In modern IT infrastructure, there are many ways to handle concurrency, such as multi-threading and encapsulation, among others. However, in these methods, you must assign part of your memory for sharing, which often leads to corrupted internal states of objects.
You can apply locks to fix this issue. However, they are an inefficient and outdated method of solving communication issues. They don’t scale efficiently and can cause problems such as deadlocks.

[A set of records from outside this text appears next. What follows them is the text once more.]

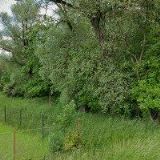 SLÍVOVÁ LENKA-ÚČETNICTVÍ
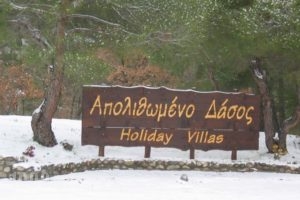 Apolithomeno Dasos Holiday Villas_best deals_Villa_Thraki_Evros_Soufli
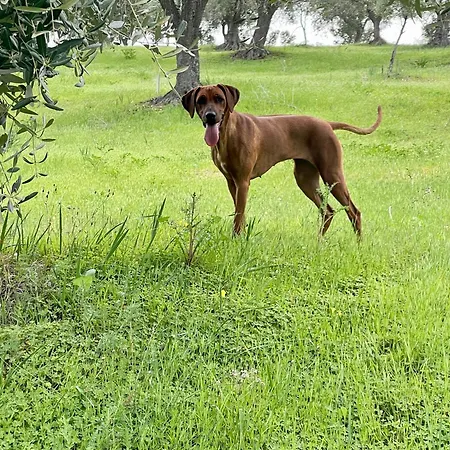 Gospodarstwo agroturystyczne La Pizzuta Del Principe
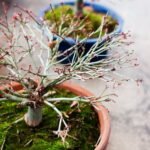 Scopri come seminare la pianta incantatrice carnivora bonsai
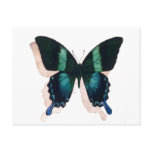 "Blue Butterfly" Insect Watercolor Art Post Card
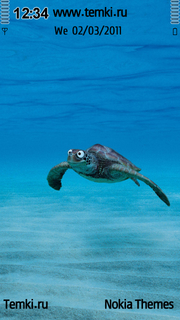 Глазастая черепаха для Sony Ericsson Kurara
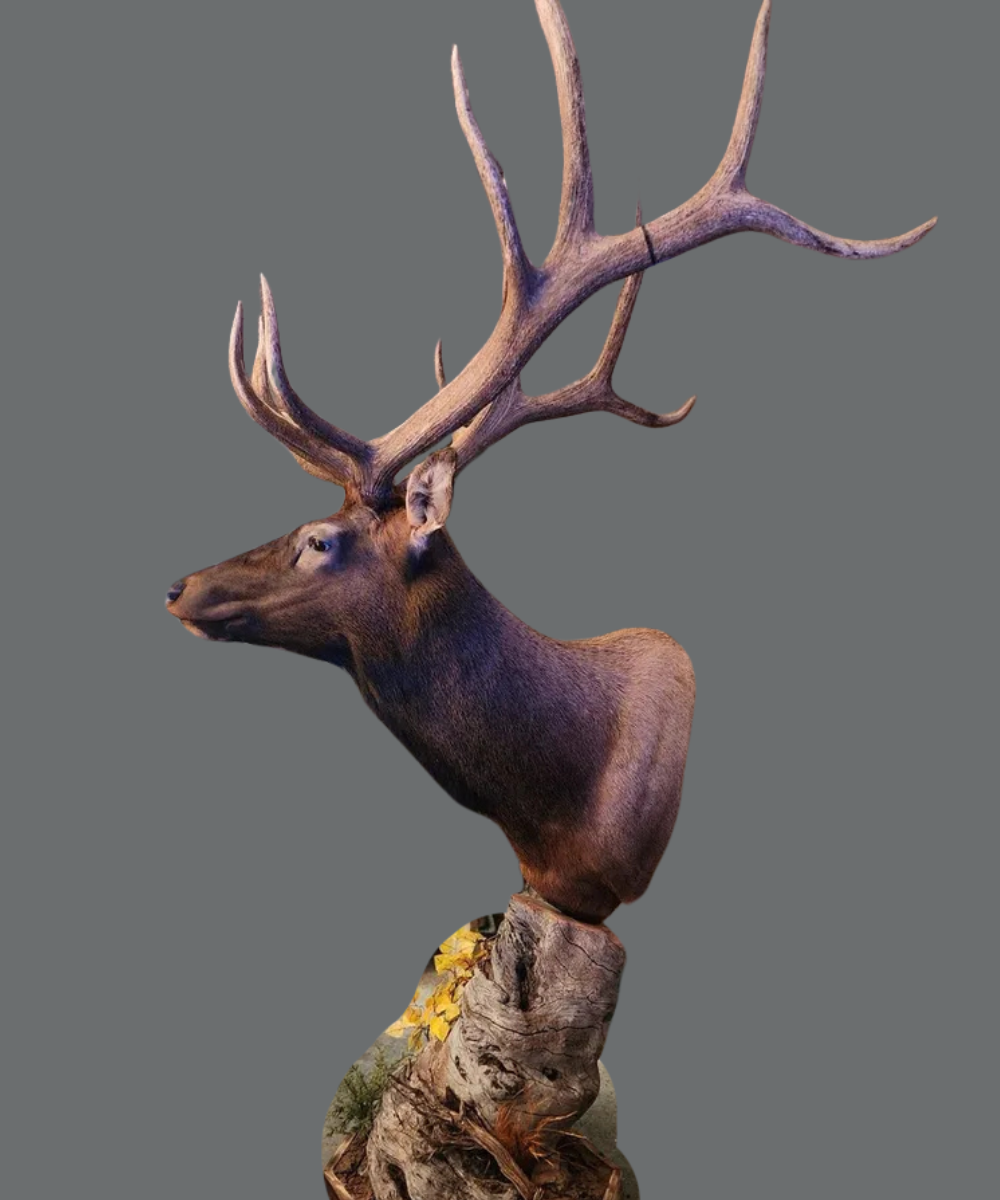 Mount Portfolio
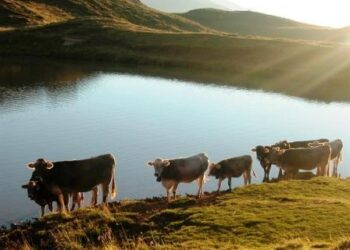 alpi-senza-neve-stazioni-senza-turisti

You can use call stacks to fix some of the issues of multi-threading. However, call stacks can’t handle failure requests. For example, the main thread won’t access the worker thread if you have a message waiting in a queue. In that scenario, if the worker thread starts working on the message and fails, the main thread will not receive a notification of the failure. Furthermore, if the worker thread itself shuts down when the main thread is not accessing it, its failure won’t generate any notification. That means that the thread will remain failed until the next time it is accessed, at which point it will generate its first failed state exception.
How does Akka work?
Akka’s actor model solves the concurrency issue by sending messages to other actors instead of using the main thread. This allows you to emulate encapsulation without using locks. Akka also ensures actor states are maintained in a thread-safe way.
Actors pass the responsibility of sending notifications to the receiving actor. They also process incoming thread messages sequentially instead of instantaneously. This allows them to synchronize without using multiple threads.
How do actors work?
Akka follows the model of actor and actor supervisors. When a failure happens, the subordinate actors shut themselves down and throw an exception. In that situation, the supervisor can either escalate the failure, restart the subordinate, or permanently stop the actor. However, if the failed actor is also a supervisor, shutting it down would mean shutting down all its subordinates.

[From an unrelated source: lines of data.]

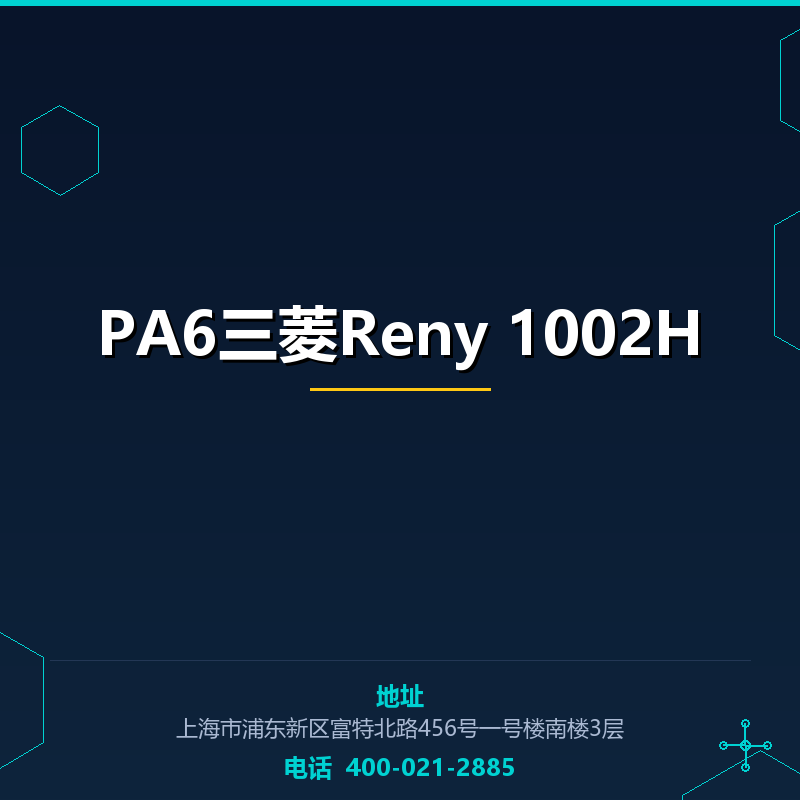 PA6三菱Reny 1002H None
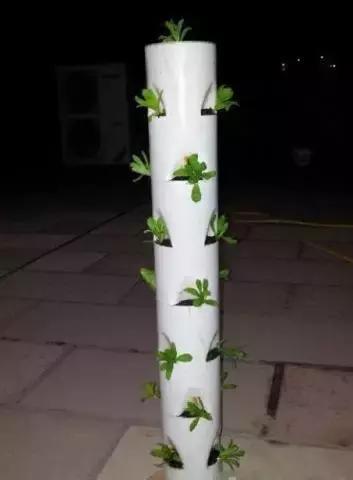 pvc管阳台无土种菜全图解,用pvc管阳台种菜安全吗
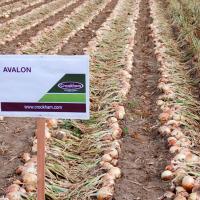 Crookham Onion Avalon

You can also terminate an actor’s subordinates before restarting it. Actors can’t be attached to supervisors from outside the network and get cleanly shut down when their supervisors fail.
Instead of direct communication, the actors communicate through message passing. Actor references support the messages the actor wants to send. The actors follow known message passing methods, such as fire and forget, request response, and adapted response.

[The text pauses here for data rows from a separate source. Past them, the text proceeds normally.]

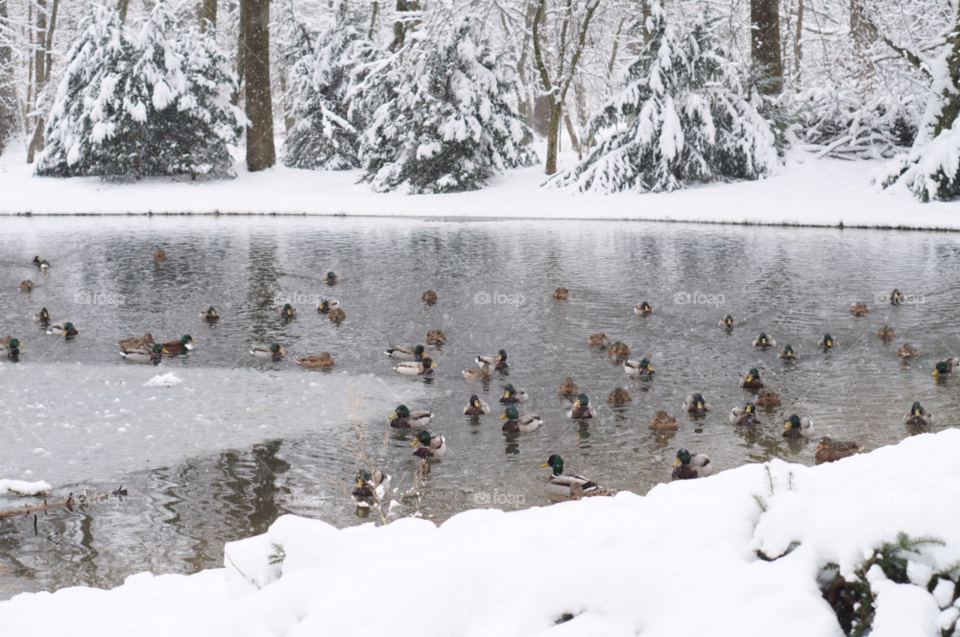 snow winter pond lake by lexlebeur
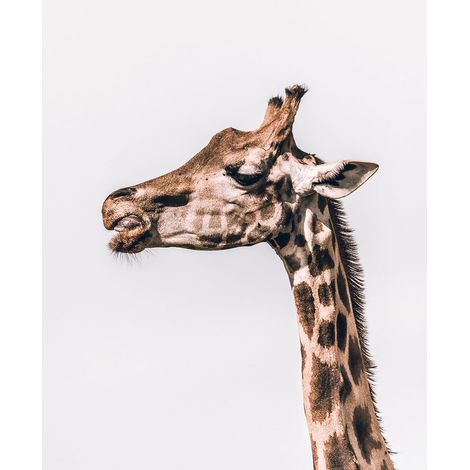 Tableau animaux prendre de la hauteur Toile imprimée (1/5)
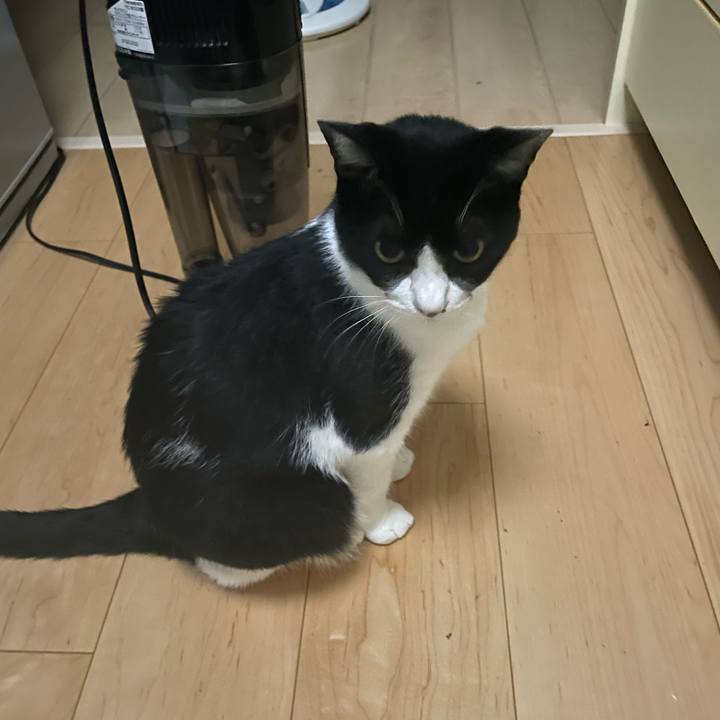 2b5929a4 8fba 46b0 9547 cdeeb9f251a9 1724321247543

Each actor has a standard configuration that includes a mailbox (for message queuing), execution environment (for handling code and passing messages), behavior variables, and address. However, actors can be differentiated based on paths.
Paths are addresses that describe an actor’s protocol and location. Each actor has a physical and logical path. These paths help engineers define the functional location of an actor in the actor system.
The preferred method to handle actors is through clusters instead of remotely connecting to them. The clusters module handles the addition and removal of actors to different cluster systems. It’s also responsible for distributing computation.
This is an open-source product for Java/Scala pipeline integration.
Alpakka has an extension called Alpakka Kafka that allows you to connect to Kafka streams. Using Akka for Kafka transactions ensures that all messages are consumed without duplication and are successfully produced at the sink.
Akka Streams is a toolkit that allows you to create high-level abstraction streams without worrying about actor behavior and variables.
Akka Projections allow you to process a stream from a source. The stream should have a payload and a trackable offset. You can also use it to restart and track these projections.
Akka vs Spark?
Apache Spark is a data processing engine used to process batch data. It focuses on fault tolerance. It uses resilient distributed datasets for fast data sharing and processing. It also allows you to perform tasks on different machines in parallel.
Akka is a general purpose framework for building high performance, distributed systems. It allows you to process transactions without worrying about concurrency.
Spark is much more useful for performing actions on large datasets (big data) while Akka emphasizes a higher degree of actor control. You should use Akka where you need to perform real-time batch processing using business logic.
Is Akka worth learning in 2022?
The Actor-Model system is highly useful if you’re working on distributed algorithms and processes. If you want to run your application in the background, this model would be beneficial for synchronizing messages and facilitating communication, especially if you are working on languages such as Scala, Java, or Erlang.